Web Scraper for Static and JS Rendered Sites

This repository contains a versatile web scraper capable of handling both statically rendered HTML sites and dynamically rendered JavaScript sites. By combining techniques for traditional HTML scraping with methods for interacting with JavaScript-heavy websites, this single program offers a comprehensive solution for extracting data from a wide range of web sources.

Features

  • Dual Scraping Modes: Can processes static HTML or JS-rendered content.
  • Headless Browser Support: Utilizes headless browsers to render and scrape JavaScript-heavy sites.
  • Easy Configuration: Simple setup and configuration to specify target URLs and data extraction rules.
  • Efficient Data Extraction: Optimized for speed and reliability, ensuring accurate data retrieval.

Usage

1. Modify the config.yaml file as per your requirement.

  • The configuration should follow same format as shown in config.yaml by default as a sample.
  • The terminator key in configuration is optional. Only required if you have a specific terminating point to stop scraping.
  • The path key can have multiple values, in case you want to extract elements from multiple css-selectors.
  • The depth of configuration does not matter as long as the depth ends with the key path.

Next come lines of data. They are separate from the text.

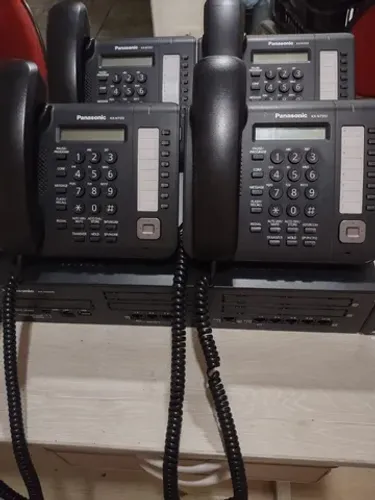 PABX híbrido IP digital analógico Panasonic KX-NS500 pouco tempo de uso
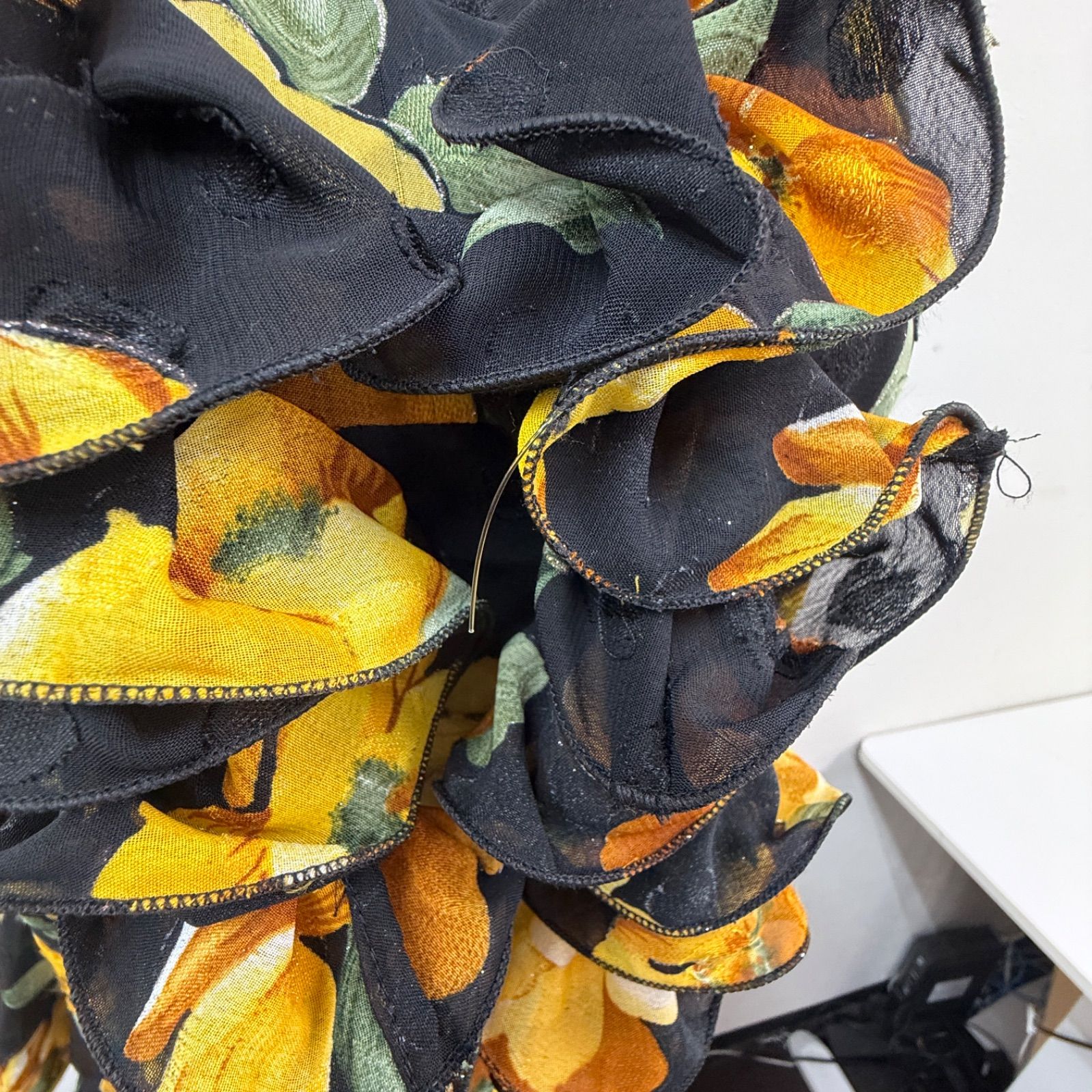 prima boutique】フラメンコ衣装 ツーピース セットアップ 黒 黄色 花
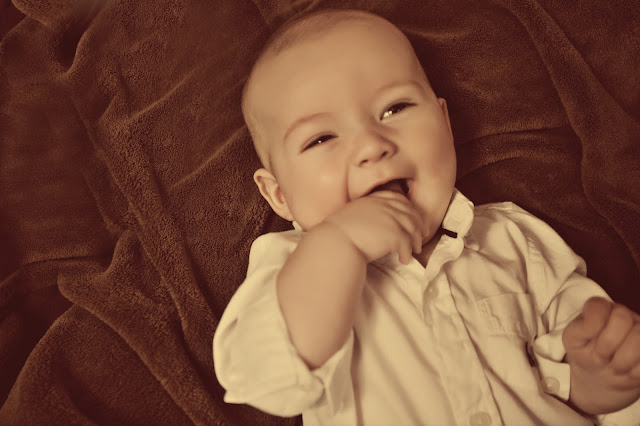 http://2.bp.blogspot.com/_9pHJ1FEb-fc/TP45ezsRnKI/AAAAAAAAAIU/AVnfbkit0DE/s530/Adorable+Laughing+Baby+Photo+-+Artworks+Tulsa+Photography.jpg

Here's the sample configuration for you:

<YOUR_VENDOR_NAME>:
  base:
    url: <URL_OF_THE_SITE_FROM-WHERE_YOU_WANT_TO_EXTRACT_ALL_URLS>
    path:
      - <PATH_TO_SINGLE_URL_ELEMENT>
  content:
    <CONTENT_SECTION_1>:
      path:
        - <YOUR_CSS_SELECTOR_PATH>
      terminator: <YOUR_CSS_SELECTOR_PATH_TO_TERMINATING_POINT>
    <CONTENT_SECTION_2>:
      path:
        - <YOUR_CSS_SELECTOR_PATH>
      terminator: <YOUR_CSS_SELECTOR_PATH_TO_TERMINATING_POINT>

2. Run the following code

To get the JS-Rendered Content using Headless browser, follow along with the code below:

import asyncio

from tqdm import tqdm

from scrapeall.parse import HTMLParser


async def main(vendor: str, config_path: str):
    data = dict()

    parser = HTMLParser(vendor, config_path)
    await parser.initialize_browser()
    await parser.get_all_urls()
    for key, url in tqdm(parser.urls.items()):
        await parser.get_content(url)
        data[key] = parser.data

    await parser.close_browser()
    return data


if __name__ == "__main__":
    VENDOR = "<YOUR_VENDOR_NAME>"
    CONFIG_PATH = "<PATH_TO_YOUR_YAML_FILE>"
    data = asyncio.run(main(VENDOR, CONFIG_PATH))

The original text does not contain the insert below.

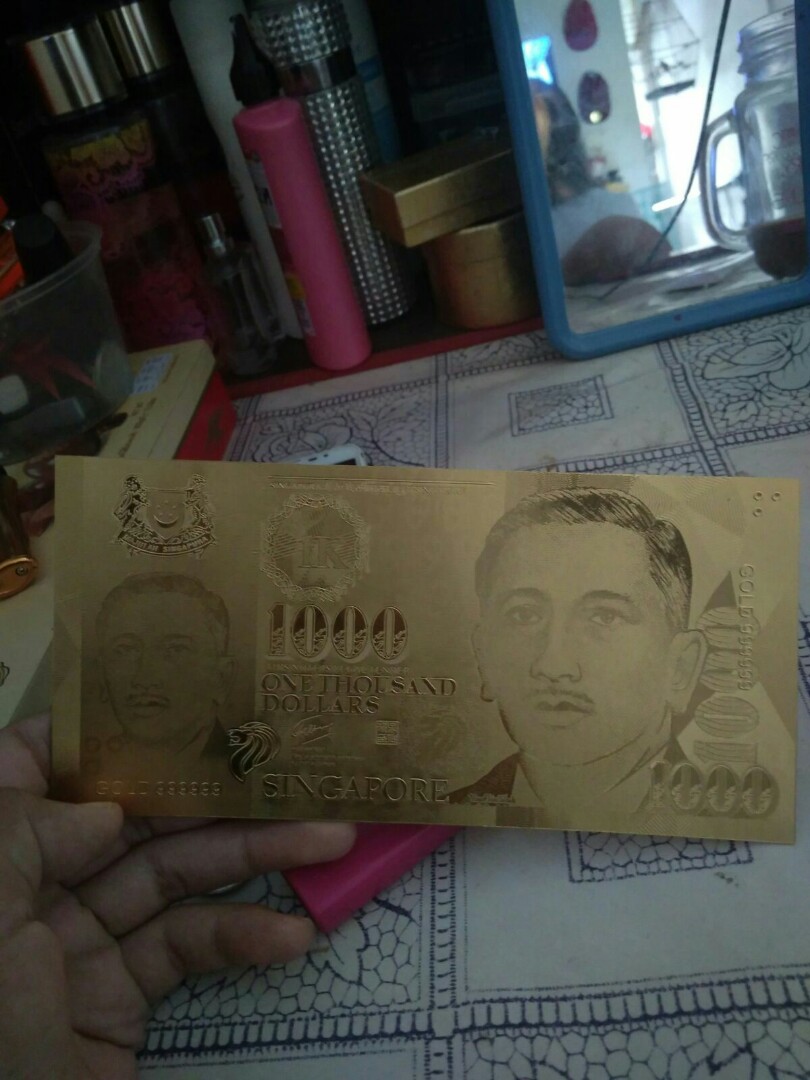 GOLD BANKNOTE $1000, Everything Else on Carousell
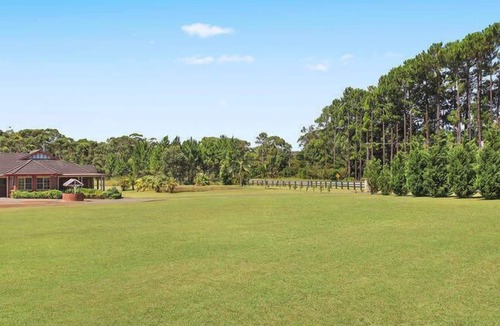 Tumbi Umbi House | The Cedar Garden- 2.5 acres home on beachside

To get the Content from static HTML sites/pages, modify the main function as follows:

async def main(vendor: str, config_path: str):
    data = dict()

    parser = HTMLParser(vendor, config_path)
    await parser.get_all_urls()
    for key, url in tqdm(parser.urls.items()):
        await parser.get_content(url)
        data[key] = parser.data
    return data

If you want to save the content scrapped, you can do that by following the given code snippet:

import asyncio

from tqdm import tqdm

from scrapeall.utils import save_data
from scrapeall.parse import HTMLParser


async def main(vendor: str, config_path: str, output_file: str = ""):
    data = dict()

    parser = HTMLParser(vendor, config_path)
    await parser.initialize_browser()
    await parser.get_all_urls()
    for key, url in tqdm(parser.urls.items()):
        await parser.get_content(url)
        data[key] = parser.data

    await parser.close_browser()
    if output_file:
        await save_data(filename=output_file, data=data)
    return data


if __name__ == "__main__":
    VENDOR = "<YOUR_VENDOR_NAME>"
    CONFIG_PATH = "<PATH_TO_YOUR_YAML_FILE>"
    OUTPUT_FILE = "<PATH_TO_YOUR_JSON_FILE>"
    data = asyncio.run(main(VENDOR, CONFIG, OUTPUT_FILE))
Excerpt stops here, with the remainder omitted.